Reformed Priests Protection Society
The Reformed Priests Protection Society was a charity founded in 1844 to support former Roman Catholic priests who converted to the Church of Ireland. It was also known as the Priests' Protection Society for Ireland or the Reformed Romanist Priests' Protection Society. The Society had four objects:
- to "protect Priests of good character, who conscientiously abandon the Church of Rome for the pure faith of the Gospel" and to find positions for them in parishes or as missionaries
- to "afford protection and education" to men who abandon studying for the Roman Catholic priesthood "in consequence of the influence of divine truth"
- to promote "Scriptural and anti-popish instruction" through sermons and pamphlets
- to "reform Romish Priests" worldwide
The Society's tracts were published by the "Religious Book and Tract Depository for Ireland", which shared its office and library on Sackville Street in Dublin. It was critical of the Catholic Church's ethos and practice, and hostile to St Patrick's College, Maynooth, the seminary of the Irish Roman Catholic hierarchy. It opposed the Maynooth Grant and other government policies conciliatory to Roman Catholicism in Ireland. The society nominated several former Maynooth students to give evidence to the 1853–1855 Royal Commission into the college. Among these were Denis Leyne Brasbie and W. J. Burke, who had converted prior to the society's formation and became early beneficiaries and advocates of its work. In 1844 proselytism around Dingle by the Irish Society for Promoting the Education of the Native Irish through the Medium of Their Own Language worried Bishop Cornelius Egan, who sent Brasbie as curate to bolster the ministry of Keelmelchedar parish. When Brasbie himself publicly converted, there was public unrest which made him fear for his safety, and he remained notorious in the local folk memory.
By the 1870s the Society claimed to have supported over 100 converts, between priests and students. Thomas Scott was succeeded as secretary by Robert Wade Thompson, a justice of the peace and militia captain. In the 1920s Catholic priest E.J. Quigley that, although "ossibly the Society has still members, clerks, secretary and fund", it was "an extinct volcano". Quigley claimed there had only been 29 converted priests, of whom 12 were Irish, "about six" English, and the balance from the continent, including Alessandro Gavazzi and Giacinto Achilli; "the apostate priests of Europe... made Dublin their Mecca, and received woollens and wives from the Society".

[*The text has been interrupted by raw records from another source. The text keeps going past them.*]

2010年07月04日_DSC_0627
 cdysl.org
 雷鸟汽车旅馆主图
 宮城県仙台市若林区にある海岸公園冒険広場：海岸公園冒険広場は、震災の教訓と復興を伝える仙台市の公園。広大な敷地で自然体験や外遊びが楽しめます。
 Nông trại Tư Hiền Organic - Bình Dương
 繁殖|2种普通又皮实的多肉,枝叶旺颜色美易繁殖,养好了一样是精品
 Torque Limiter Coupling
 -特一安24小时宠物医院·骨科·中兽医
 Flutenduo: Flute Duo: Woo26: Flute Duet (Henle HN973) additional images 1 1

The Society is mentioned in James Joyce's novel Ulysses, in one of the "hallucinations" in the "Circe" episode, when Dr Dixon says that "Professor Bloom is a finished example of the new womanly man.... He has written a really beautiful letter, a poem in itself, to the court missionary of the Reformed Priests Protection Society". This reflects a stereotypical association by Irish nationalists during the Gaelic revival of West Britonism with effeminacy; It may also allude to the New York Society for the Suppression of Vice, which had funded a 1921 obscenity suit against The Little Review for publishing draft excerpts from Ulysses.
the Reformed Priests Protection Society remains a registered charity with an address "care of the Irish Church Missions".